● **Task requirements**: Set down the entries below once more, precisely as they stand.

● **Given records**:
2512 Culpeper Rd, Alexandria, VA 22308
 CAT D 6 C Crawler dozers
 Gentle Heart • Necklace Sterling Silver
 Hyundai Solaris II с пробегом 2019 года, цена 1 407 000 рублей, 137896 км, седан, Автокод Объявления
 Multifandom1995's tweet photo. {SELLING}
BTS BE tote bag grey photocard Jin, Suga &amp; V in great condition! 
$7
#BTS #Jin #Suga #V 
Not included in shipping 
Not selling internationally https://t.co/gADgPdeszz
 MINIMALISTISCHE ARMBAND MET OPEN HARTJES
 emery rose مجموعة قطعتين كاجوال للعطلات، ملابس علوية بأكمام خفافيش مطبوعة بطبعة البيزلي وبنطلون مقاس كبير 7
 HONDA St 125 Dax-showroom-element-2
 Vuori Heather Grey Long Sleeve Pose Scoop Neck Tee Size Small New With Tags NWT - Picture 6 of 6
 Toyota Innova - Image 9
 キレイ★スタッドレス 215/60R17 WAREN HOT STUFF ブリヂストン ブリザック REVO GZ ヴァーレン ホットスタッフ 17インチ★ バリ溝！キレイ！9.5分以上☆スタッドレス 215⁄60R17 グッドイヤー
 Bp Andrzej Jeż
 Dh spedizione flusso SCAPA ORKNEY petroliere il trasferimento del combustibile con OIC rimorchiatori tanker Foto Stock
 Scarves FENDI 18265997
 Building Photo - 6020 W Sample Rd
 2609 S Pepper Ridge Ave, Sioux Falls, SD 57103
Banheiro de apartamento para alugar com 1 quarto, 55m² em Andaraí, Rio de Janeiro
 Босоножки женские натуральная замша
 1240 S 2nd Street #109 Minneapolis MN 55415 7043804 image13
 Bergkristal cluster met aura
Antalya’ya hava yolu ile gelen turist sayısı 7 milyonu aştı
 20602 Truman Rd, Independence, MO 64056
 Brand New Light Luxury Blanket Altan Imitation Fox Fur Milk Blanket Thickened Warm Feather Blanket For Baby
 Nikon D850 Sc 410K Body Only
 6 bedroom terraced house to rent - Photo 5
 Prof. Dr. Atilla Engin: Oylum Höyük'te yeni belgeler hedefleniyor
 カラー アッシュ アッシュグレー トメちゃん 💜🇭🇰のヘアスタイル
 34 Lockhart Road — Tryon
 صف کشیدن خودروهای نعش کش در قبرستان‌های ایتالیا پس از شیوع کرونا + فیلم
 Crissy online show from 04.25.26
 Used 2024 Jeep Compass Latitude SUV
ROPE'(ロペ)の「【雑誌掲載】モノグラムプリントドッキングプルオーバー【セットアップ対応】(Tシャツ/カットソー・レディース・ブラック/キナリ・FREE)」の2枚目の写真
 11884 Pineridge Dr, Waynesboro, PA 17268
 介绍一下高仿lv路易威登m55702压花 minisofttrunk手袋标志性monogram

● **Answer below**:
2512 Culpeper Rd, Alexandria, VA 22308
 CAT D 6 C Crawler dozers
 Gentle Heart • Necklace Sterling Silver
 Hyundai Solaris II с пробегом 2019 года, цена 1 407 000 рублей, 137896 км, седан, Автокод Объявления
 Multifandom1995's tweet photo. {SELLING}
BTS BE tote bag grey photocard Jin, Suga &amp; V in great condition! 
$7
#BTS #Jin #Suga #V 
Not included in shipping 
Not selling internationally https://t.co/gADgPdeszz
 MINIMALISTISCHE ARMBAND MET OPEN HARTJES
 emery rose مجموعة قطعتين كاجوال للعطلات، ملابس علوية بأكمام خفافيش مطبوعة بطبعة البيزلي وبنطلون مقاس كبير 7
 HONDA St 125 Dax-showroom-element-2
 Vuori Heather Grey Long Sleeve Pose Scoop Neck Tee Size Small New With Tags NWT - Picture 6 of 6
 Toyota Innova - Image 9
 キレイ★スタッドレス 215/60R17 WAREN HOT STUFF ブリヂストン ブリザック REVO GZ ヴァーレン ホットスタッフ 17インチ★ バリ溝！キレイ！9.5分以上☆スタッドレス 215⁄60R17 グッドイヤー
 Bp Andrzej Jeż
 Dh spedizione flusso SCAPA ORKNEY petroliere il trasferimento del combustibile con OIC rimorchiatori tanker Foto Stock
 Scarves FENDI 18265997
 Building Photo - 6020 W Sample Rd
 2609 S Pepper Ridge Ave, Sioux Falls, SD 57103
Banheiro de apartamento para alugar com 1 quarto, 55m² em Andaraí, Rio de Janeiro
 Босоножки женские натуральная замша
 1240 S 2nd Street #109 Minneapolis MN 55415 7043804 image13
 Bergkristal cluster met aura
Antalya’ya hava yolu ile gelen turist sayısı 7 milyonu aştı
 20602 Truman Rd, Independence, MO 64056
 Brand New Light Luxury Blanket Altan Imitation Fox Fur Milk Blanket Thickened Warm Feather Blanket For Baby
 Nikon D850 Sc 410K Body Only
 6 bedroom terraced house to rent - Photo 5
 Prof. Dr. Atilla Engin: Oylum Höyük'te yeni belgeler hedefleniyor
 カラー アッシュ アッシュグレー トメちゃん 💜🇭🇰のヘアスタイル
 34 Lockhart Road — Tryon
 صف کشیدن خودروهای نعش کش در قبرستان‌های ایتالیا پس از شیوع کرونا + فیلم
 Crissy online show from 04.25.26
 Used 2024 Jeep Compass Latitude SUV
ROPE'(ロペ)の「【雑誌掲載】モノグラムプリントドッキングプルオーバー【セットアップ対応】(Tシャツ/カットソー・レディース・ブラック/キナリ・FREE)」の2枚目の写真
 11884 Pineridge Dr, Waynesboro, PA 17268
 介绍一下高仿lv路易威登m55702压花 minisofttrunk手袋标志性monogram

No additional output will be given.